[prev in list] [next in list] [prev in thread] [next in thread]
List: gcc-patches
Subject: [PATCH] arm: Auto-vectorization for MVE and Neon: vhadd/vrhadd
From: Christophe Lyon via Gcc-patches <gcc-patches () gcc ! gnu ! org>
Date: 2021-05-31 13:55:59
Message-ID: 20210531135559.3925-1-christophe.lyon () linaro ! org
[Download RAW message or body]
This patch adds support for auto-vectorization of average value
computation using vhadd or vrhadd, for both MVE and Neon.

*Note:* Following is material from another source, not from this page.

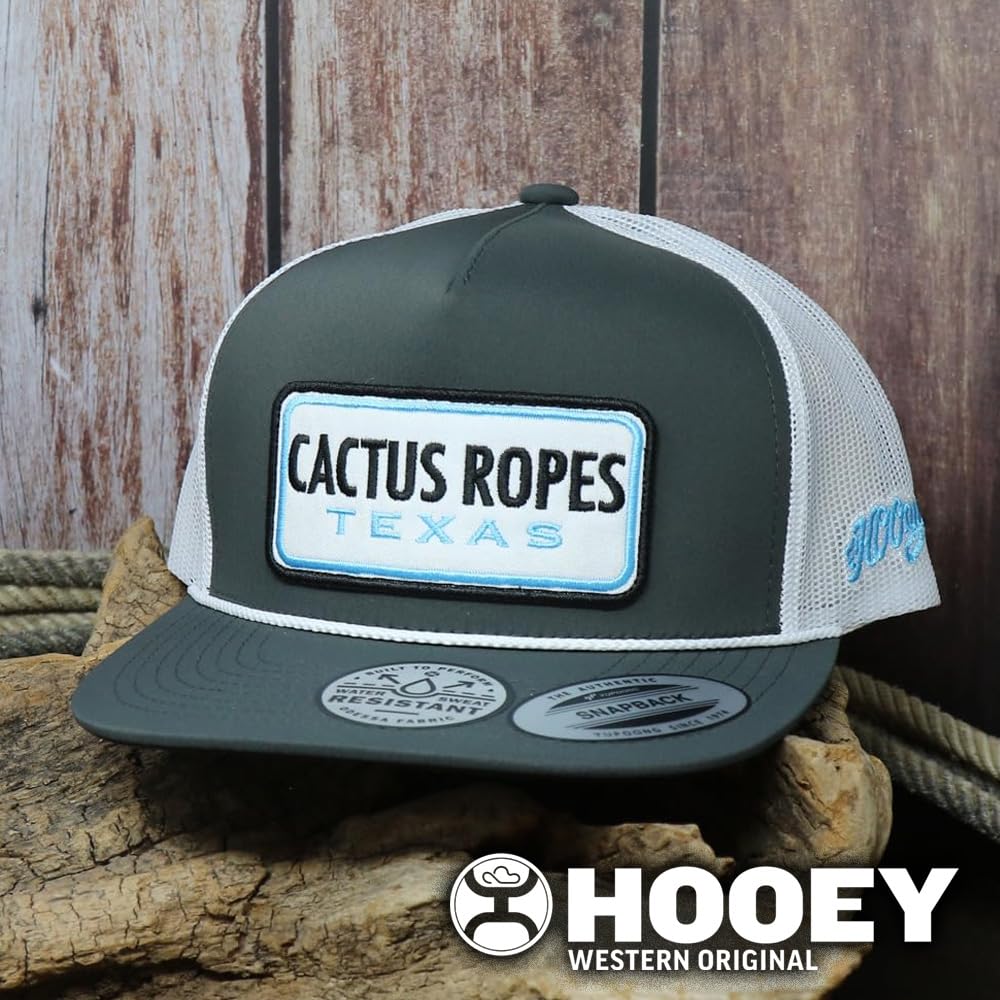 HOOEY Cactus Ropes Texas Patch Trucker Hat for Men – Adjustable Snapback Mesh Baseball Cap - Breathable Mesh - Western Trucker Hat for Ranch, Work, & Everyday Wear - One-Size - Charcoal/White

The patch adds the needed [u]avg<mode>3_[floor|ceil] patterns to
vec-common.md, I'm not sure how to factorize them without introducing
an unspec iterator?
It also adds tests for 'floor' and for 'ceil', each for MVE and Neon.
Vectorization works with 8-bit and 16 bit input/output vectors, but
not with 32-bit ones because the vectorizer expects wider types
availability for the intermediate values, but int32_t + int32_t does
not involve wider types in the IR.
As noted in neon-vhadd-1.c, I couldn't write a test able to use Neon
vectorization with 64-bit vectors: we default to
-mvectorize-with-neon-quad, and attempts to use
-mvectorize-with-neon-double resulted in much worse code, which this
patch does not aim at improving.
2021-05-31 Christophe Lyon <christophe.lyon@linaro.org>
gcc/
* gcc/config/arm/mve.md (mve_vhaddq_<supf><mode>): Prefix with '@'.

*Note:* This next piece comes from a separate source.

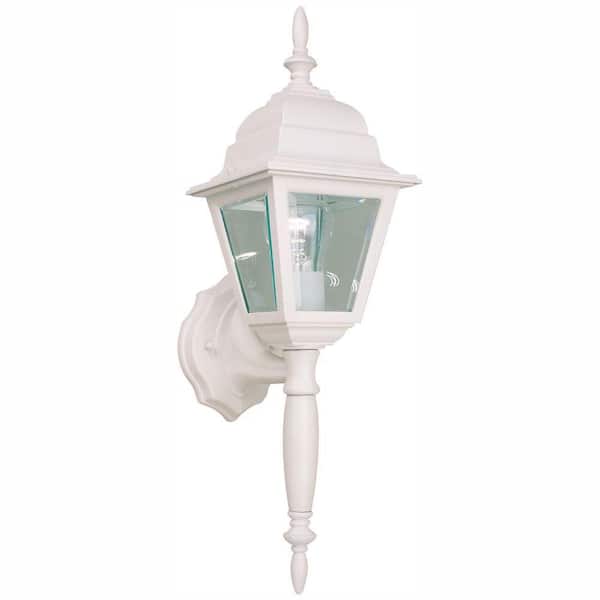 Hampton Bay Hampton Bay 19.75 in. White 1-Light Outdoor Line Voltage Wall Sconce with No Bulb Included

(@mve_vrhaddq_<supf><mode): Likewise.
* gcc/config/arm/neon.md (neon_v<r>hadd<sup><mode>): Likewise.
* config/arm/vec-common.md (avg<mode>3_floor, uavg<mode>3_floor)
(avg<mode>3_ceil", uavg<mode>3_ceil): New patterns.
gcc/testsuite/
* gcc.target/arm/simd/mve-vhadd-1.c: New test.
* gcc.target/arm/simd/mve-vhadd-2.c: New test.
* gcc.target/arm/simd/neon-vhadd-1.c: New test.
* gcc.target/arm/simd/neon-vhadd-2.c: New test.
---
gcc/config/arm/mve.md | 4 +-
gcc/config/arm/neon.md | 2 +-
gcc/config/arm/vec-common.md | 60 ++++++++++++
.../gcc.target/arm/simd/mve-vhadd-1.c | 31 +++++++
.../gcc.target/arm/simd/mve-vhadd-2.c | 31 +++++++
.../gcc.target/arm/simd/neon-vhadd-1.c | 93 +++++++++++++++++++
.../gcc.target/arm/simd/neon-vhadd-2.c | 33 +++++++
7 files changed, 251 insertions(+), 3 deletions(-)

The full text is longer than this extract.